## Problem to work on
Scan the entries below and return each line that contains "Gold".

Records from a data source:
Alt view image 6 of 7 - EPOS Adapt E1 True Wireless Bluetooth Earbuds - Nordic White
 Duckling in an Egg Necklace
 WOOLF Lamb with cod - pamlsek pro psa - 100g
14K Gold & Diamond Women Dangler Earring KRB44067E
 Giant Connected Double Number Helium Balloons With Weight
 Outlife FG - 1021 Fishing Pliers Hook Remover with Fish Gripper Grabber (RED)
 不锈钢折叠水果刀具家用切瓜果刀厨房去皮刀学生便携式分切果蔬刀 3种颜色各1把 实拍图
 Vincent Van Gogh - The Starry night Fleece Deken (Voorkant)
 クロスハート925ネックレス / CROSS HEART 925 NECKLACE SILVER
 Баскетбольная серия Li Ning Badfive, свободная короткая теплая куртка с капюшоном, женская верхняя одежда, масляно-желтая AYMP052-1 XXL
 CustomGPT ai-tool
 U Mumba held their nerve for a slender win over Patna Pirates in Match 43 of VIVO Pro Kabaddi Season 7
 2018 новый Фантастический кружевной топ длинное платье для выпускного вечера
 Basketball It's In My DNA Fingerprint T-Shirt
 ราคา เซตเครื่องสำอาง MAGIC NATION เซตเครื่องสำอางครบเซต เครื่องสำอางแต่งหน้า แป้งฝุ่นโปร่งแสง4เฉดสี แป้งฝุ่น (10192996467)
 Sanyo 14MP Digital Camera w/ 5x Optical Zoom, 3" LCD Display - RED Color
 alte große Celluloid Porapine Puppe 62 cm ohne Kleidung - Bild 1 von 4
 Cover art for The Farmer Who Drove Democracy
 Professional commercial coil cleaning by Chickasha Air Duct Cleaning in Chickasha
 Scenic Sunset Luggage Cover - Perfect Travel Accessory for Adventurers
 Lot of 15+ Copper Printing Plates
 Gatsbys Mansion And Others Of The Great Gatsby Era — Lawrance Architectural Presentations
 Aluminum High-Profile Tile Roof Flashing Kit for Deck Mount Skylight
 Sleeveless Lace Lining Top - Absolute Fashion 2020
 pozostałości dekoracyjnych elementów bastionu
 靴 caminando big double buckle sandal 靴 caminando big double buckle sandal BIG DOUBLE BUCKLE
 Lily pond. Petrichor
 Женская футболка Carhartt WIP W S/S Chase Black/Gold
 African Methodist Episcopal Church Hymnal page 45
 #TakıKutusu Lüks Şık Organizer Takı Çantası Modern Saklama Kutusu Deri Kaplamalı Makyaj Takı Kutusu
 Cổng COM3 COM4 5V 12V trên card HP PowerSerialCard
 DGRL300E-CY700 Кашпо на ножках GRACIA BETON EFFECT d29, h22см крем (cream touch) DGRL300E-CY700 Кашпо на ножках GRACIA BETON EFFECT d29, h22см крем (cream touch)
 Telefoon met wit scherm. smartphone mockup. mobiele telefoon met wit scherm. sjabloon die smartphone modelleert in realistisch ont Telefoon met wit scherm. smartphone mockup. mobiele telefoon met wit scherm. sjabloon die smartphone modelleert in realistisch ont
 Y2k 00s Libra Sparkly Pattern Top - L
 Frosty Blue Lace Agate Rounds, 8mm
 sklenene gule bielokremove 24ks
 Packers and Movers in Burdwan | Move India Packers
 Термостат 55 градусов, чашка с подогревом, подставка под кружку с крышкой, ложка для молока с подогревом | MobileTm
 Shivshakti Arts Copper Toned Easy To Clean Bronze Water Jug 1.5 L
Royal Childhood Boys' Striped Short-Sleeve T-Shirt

## The completed task
14K Gold & Diamond Women Dangler Earring KRB44067E
 Женская футболка Carhartt WIP W S/S Chase Black/Gold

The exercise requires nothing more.